Birkhill Fireclay Mine
Fireclay is used mainly for making bricks for use in metal foundries, kilns and fireplaces, because it can withstand high temperatures. Birkhill Fireclay Mine supplied the local foundries and furnaces in the central belt of industrial Scotland, so was fundamental to the Industrial Revolution as it happened in Scotland. The mine is in the Avon Gorge and was arrived at on the Bo’Ness to Kinneil Railway. The museum, however, has been closed since 2011.
These works are what are seen first in the museum and would have processed the fireclay by crushing it into a powder for sale to fireclay brick manufacturers. They sat at the top of the gorge, with the mined fireclay brought up in train trucks.They have since been demolished.
The visit to this mine comprised a lovely train journey, a walk through forest in the Avon Gorge and then underground to the mines.
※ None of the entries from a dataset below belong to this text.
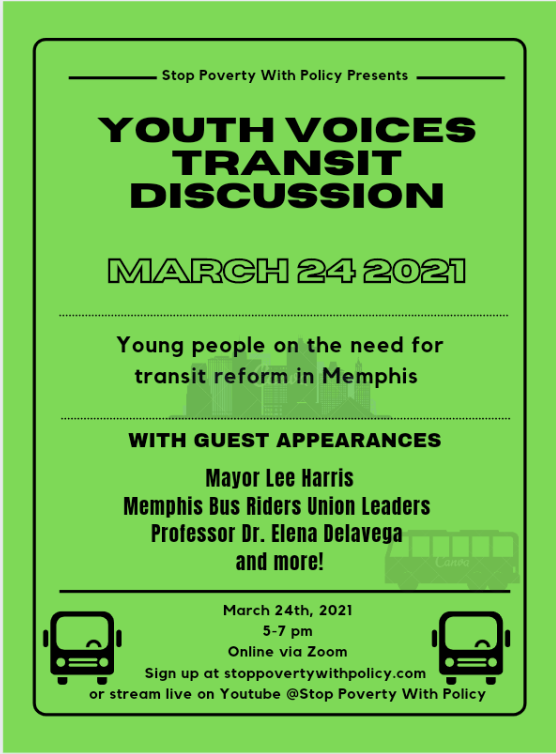 MemphisBRU's tweet photo. TOMORROW! MBRU will be part of this discussion about improving transit in Memphis, hosted by our new friends at @policyvspoverty. Sign up at https://t.co/MTpulHY2mb, and we hope to see you on the 24th at 5 PM! https://t.co/lbdrI9FQyc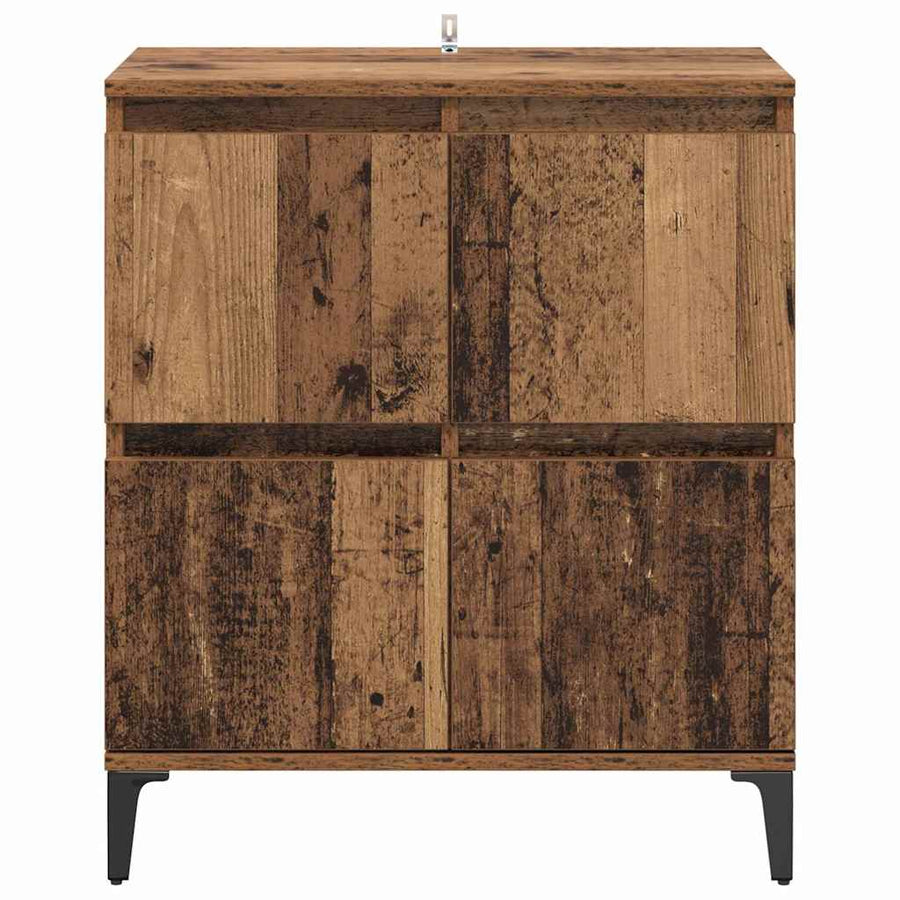 Dressoir Oud Hout 60 x 35 x 70 cm Gemonteerd hout en ijzer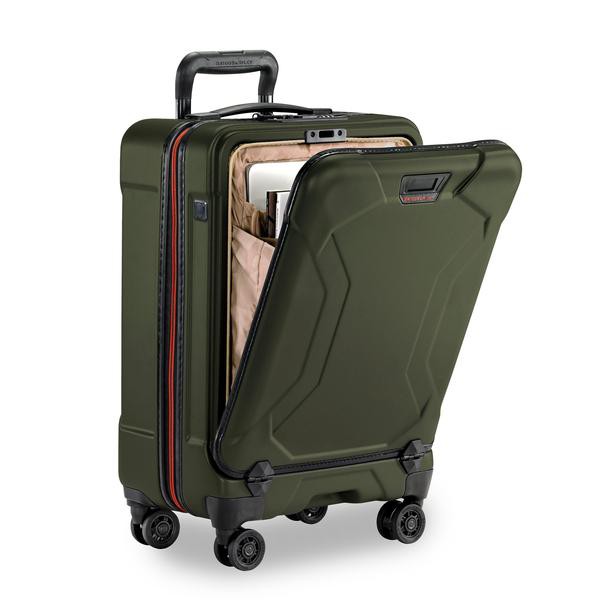 ブリッグスアンドライリー メンズ スーツケース バッグ Briggs & Riley Torq International Carry-On Spinner Hunter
The guides described the life of the fireclay miners, the marks of ancient riverbeds in the roof of the mine and the 300 million-year-old fossils, laid down in the Carboniferous Period, long before the dinosaurs walked the earth.
The different forms of clay is fascinating. It varies from the fairly rare china clay, which has to be blasted out of the granite rock hills and is non-plastic, must be blended with other materials to make it workable by the potter, and becomes white and extremely hard when fired at high temperatures; to the very common terracotta, which are settled beds of surface clay and is highly plastic, is almost ready to use by a potter and becomes reddy-brown and relatively soft when fired at low temperatures. Then there is fireclay at Birkhill, which is deep down in the ground and is so hard it can support remarkably wide tunnels without support, is highly plastic but requires grinding before use, and fires to various grey colours at high temperature. Its main quality is that is is highly refractory that it can stand very high temperatures.
Miners worked in extraordinarily low light conditions, hacking away at the mine walls and filling trucks to be taken up to the top.
Dead end tunnels were often dug off from the main mine. After reaching a certain depth, mines require ground water to be constantly pumped out — a problem that was only resolved by the development of the steam engine. Since this mine is no longer used, there are no pumps in operation and water fills it’s lower levels.
It is a shame this museum is no longer open, as it was a fascinating place to visit.